Racial Disparities Found in Access to Neurologic Services

Pauline Anderson

April 26, 2017

BOSTON — Studies have highlighted racial disparity in accessing stroke care, but new research suggests that this unequal access to services extends to other areas of neurology, including epilepsy, Parkinson's disease (PD), and multiple sclerosis (MS).

"This is a big problem," lead author, Altaf Saadi, MD, a neurology resident at Brigham and Women's Hospital and Massachusetts Hospital, Boston, told delegates to the American Academy of Neurology 2017 Annual Meeting (AAN).

Solutions for the problem might include addressing implicit biases that exist in healthcare or diversifying the neurology workforce, Dr Saadi suggested.

"Neurologists are often under the impression that we're taking care of everyone with a neurological disease, and I think our study shows that we are not."

As the population ages and diagnostic tools improve, more Americans are being diagnosed with a neurologic disease. At the same time, according to the US census bureau, the percentage of minorities is increasing across the nation.

"Now, about one in three adults will identify as a minority group and by 2050 that will be one in two," said Dr Saadi.

Researchers used the Medical Expenditure Panel Survey, an annual survey of the noninstitutionalized civilian population in all 50 states, and combined years 2006 to 2013. Using International Classification of Diseases codes, they looked for patterns emerging in five neurologic conditions: PD, MS, epilepsy, cerebrovascular disease, and headache.

They study cohort included about 200,000 patients.

Researchers also examined use of, and expenditure for, neurologic services, including outpatient neurologic visits, inpatient hospital stays, and emergency department visits.

They looked at race/ethnicity, age, sex, health insurance coverage, family income, education, and immigration status. As well, they investigated region of care; limitations in activity; and various clinical factors, including self-reported neurologic condition and self-reported health status.

Just over 14,000 Americans received at least one outpatient neurologic visit. Patients making such visits were more likely to be female, older, white, and not an immigrant; to have a higher educational background and higher income; to be on Medicare or privately insured ; and to live in the Northeast.

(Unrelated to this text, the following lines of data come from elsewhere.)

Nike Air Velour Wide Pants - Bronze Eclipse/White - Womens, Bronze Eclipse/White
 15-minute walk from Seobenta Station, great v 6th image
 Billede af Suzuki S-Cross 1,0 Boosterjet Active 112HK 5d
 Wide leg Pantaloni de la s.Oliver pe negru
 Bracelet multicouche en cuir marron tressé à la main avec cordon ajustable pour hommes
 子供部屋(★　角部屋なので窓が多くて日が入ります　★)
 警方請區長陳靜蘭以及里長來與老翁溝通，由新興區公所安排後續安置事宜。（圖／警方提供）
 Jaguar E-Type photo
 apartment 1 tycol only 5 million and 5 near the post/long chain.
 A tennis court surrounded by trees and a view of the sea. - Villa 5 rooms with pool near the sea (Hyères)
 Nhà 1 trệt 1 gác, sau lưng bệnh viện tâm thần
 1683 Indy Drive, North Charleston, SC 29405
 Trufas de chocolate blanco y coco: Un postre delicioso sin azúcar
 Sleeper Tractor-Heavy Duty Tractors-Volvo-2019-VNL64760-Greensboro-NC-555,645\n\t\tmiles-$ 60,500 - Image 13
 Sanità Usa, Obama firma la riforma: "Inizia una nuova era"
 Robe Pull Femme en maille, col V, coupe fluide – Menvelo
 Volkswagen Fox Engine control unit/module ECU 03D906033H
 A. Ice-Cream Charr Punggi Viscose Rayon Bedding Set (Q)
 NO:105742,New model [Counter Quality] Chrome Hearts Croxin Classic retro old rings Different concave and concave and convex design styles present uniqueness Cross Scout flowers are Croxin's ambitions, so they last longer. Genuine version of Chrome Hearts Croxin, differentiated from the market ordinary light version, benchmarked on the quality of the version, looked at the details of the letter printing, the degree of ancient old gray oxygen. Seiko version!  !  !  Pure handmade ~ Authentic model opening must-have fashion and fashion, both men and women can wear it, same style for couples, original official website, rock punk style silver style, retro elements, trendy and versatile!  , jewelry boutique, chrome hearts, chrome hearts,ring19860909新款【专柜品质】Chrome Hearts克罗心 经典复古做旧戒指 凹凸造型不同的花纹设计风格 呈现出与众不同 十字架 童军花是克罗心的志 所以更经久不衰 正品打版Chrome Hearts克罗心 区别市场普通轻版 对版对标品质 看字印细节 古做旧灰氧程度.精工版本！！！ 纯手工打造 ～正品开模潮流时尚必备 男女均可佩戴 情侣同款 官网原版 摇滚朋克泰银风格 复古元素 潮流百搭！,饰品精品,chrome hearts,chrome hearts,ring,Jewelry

In terms of clinical factors, these patients were more likely to have PD (56.03% with any neurologist visit; 95% confidence interval [CI], 50.48% - 61.58%), MS (71.36%; 95% CI, 67.10% - 75.61%), or epilepsy (38.29%; 95% CI, 35.47% - 41.11%), have poor or fair overall health, have some limitation in activity, and report poor or fair mental health.

Black and Hispanic patients had significantly lower rates of neurology visits than whites, even after accounting for the various factors, said Dr Saadi. Black adults were 30% less likely to visit a neurologist (odds ratio [OR], 0.72; 95% CI, 0.64 - 0.81), and Hispanic adults were 40% less likely to visit a neurologist (OR, 0.61; 95% CI, 0.54 - 0.69).

These disparities were largest in patients with stroke, and they persisted even after accounting for having a usual source of care. Although having a primary care doctor "was a predictor for seeing a neurologist, it didn't get rid of the disparity, so that's not the whole picture," said Dr Saadi.

These disparities have significant financial ramifications. Compared with whites, minorities were more likely to have emergency department visits, inpatient hospital stays, and higher healthcare expenditures, said Dr Saadi.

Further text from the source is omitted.